É tempo de escolher entre continuar a desvalorização do trabalho, dos salários e das pensões (seja essa desvalorização feita mais depressa ou mais devagar, com mais este ou mais o outro pormenor, que vão distinguindo, pouco, PS e PSD), ou valorizar aquilo que efetivamente faz crescer o país, aquilo que efetivamente produz a riqueza, que são o trabalho, os trabalhadores, as micro, pequenas e médias empresas, a agricultura familiar.

 

Amigos e camaradas,

 

A campanha eleitoral que se aproxima é uma tarefa de exigência e responsabilidade. Uma tarefa que tem de mobilizar todos aqueles que acreditam na CDU enquanto projeto transformador da sociedade e do país.
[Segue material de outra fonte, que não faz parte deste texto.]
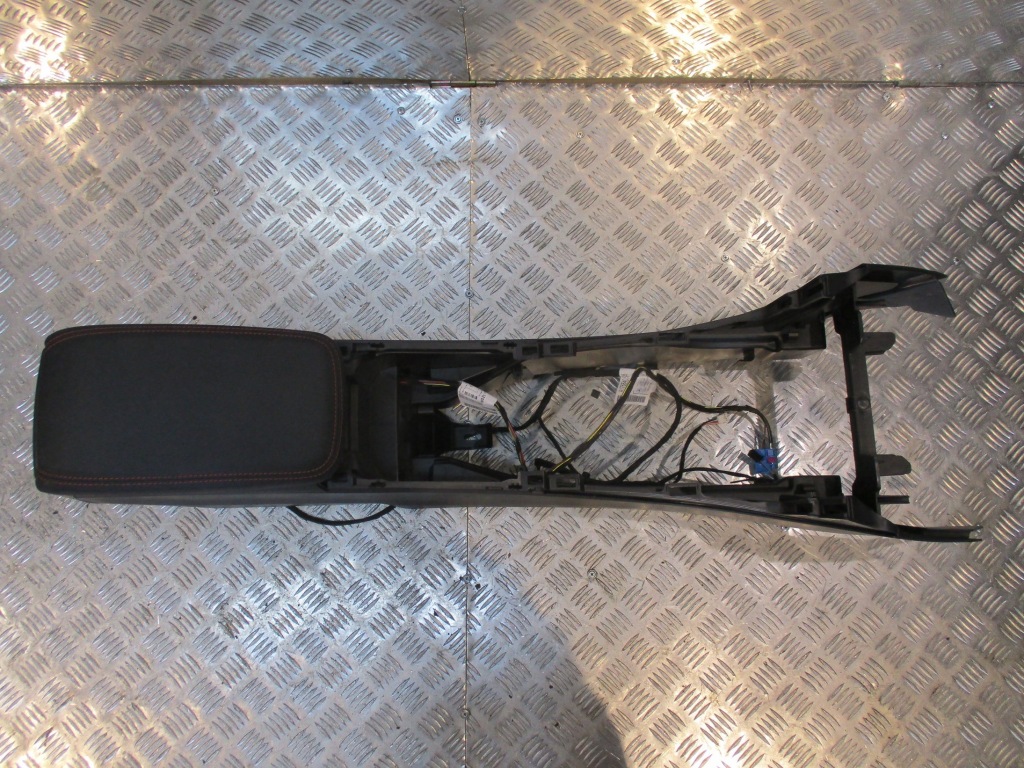 фото №1, Cla w117 подлокотник mercedes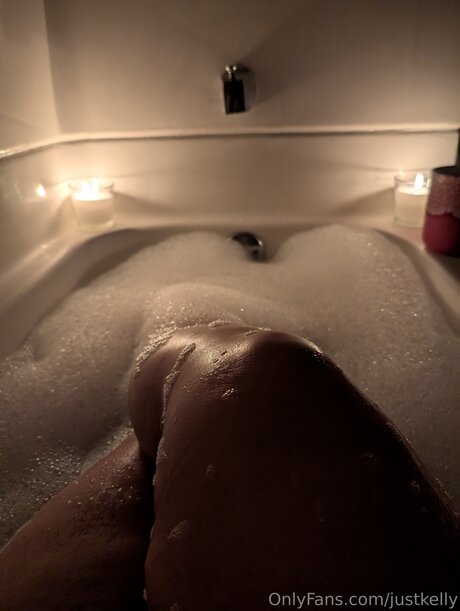 Justkelly スター 裸 画像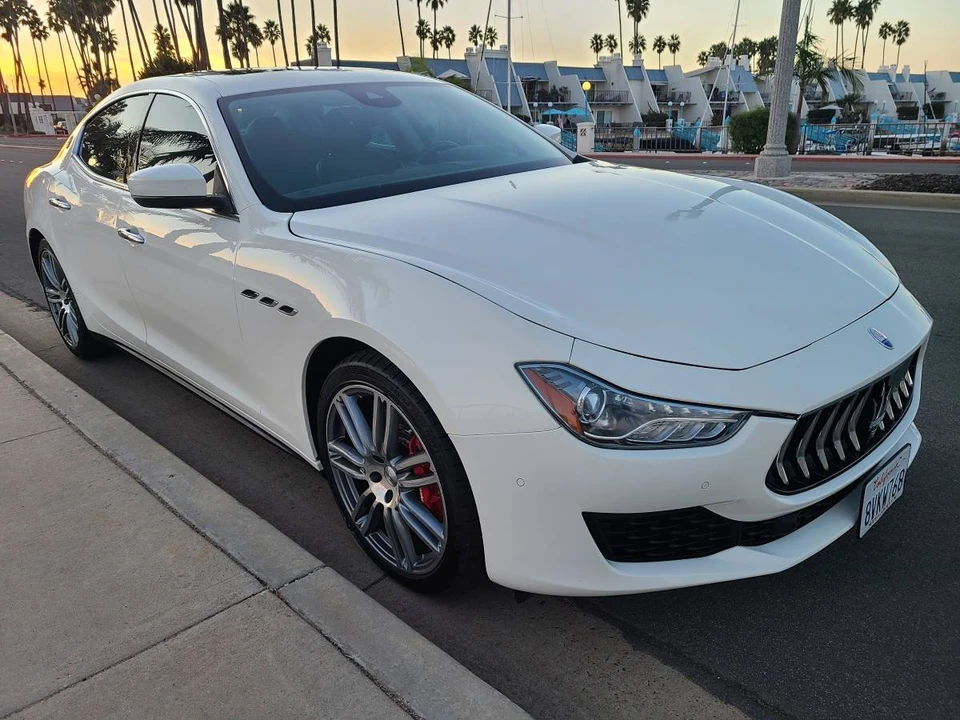 2017 Maserati Ghibli 3rd Gen - Image 11 of 24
Todos aqueles que não se conformam com o país que temos, porque acreditam que um outro país mais justo é, não só, possível como necessário.

 

Uma tarefa que incorpora um importante momento da vida partidária, da vida cultural e da campanha eleitoral – a Festa do Avante! Festa que não será uma atividade de concorrência com a campanha, mas sim um espaço, de mobilização e reforço, na sua construção e na sua mensagem. Façamos da Festa, da Alegria, da Juventude, da Cultura, da Fraternidade, um importante elemento da nossa campanha.

 

Mas estas tarefas de exigência estão facilitadas pela cultura e experiência do trabalho coletivo que nos caracteriza. Facilitada porque, a curta lista de seis candidatos, não se representam a si mesmos mas representam um projeto politico tão vasto e amplo, que não caberia apenas nos seis que hoje se apresentam.

 

A CDU, as suas propostas e as suas soluções, são um projeto nacional, um projeto de muitos e para todos. E é isto que nos dá a confiança que faremos uma boa campanha eleitoral de mobilização e esclarecimento. E depois dela a CDU sairá reforçada e com o reforço da CDU sairá também reforçada a esperança no futuro do nosso distrito e do nosso país.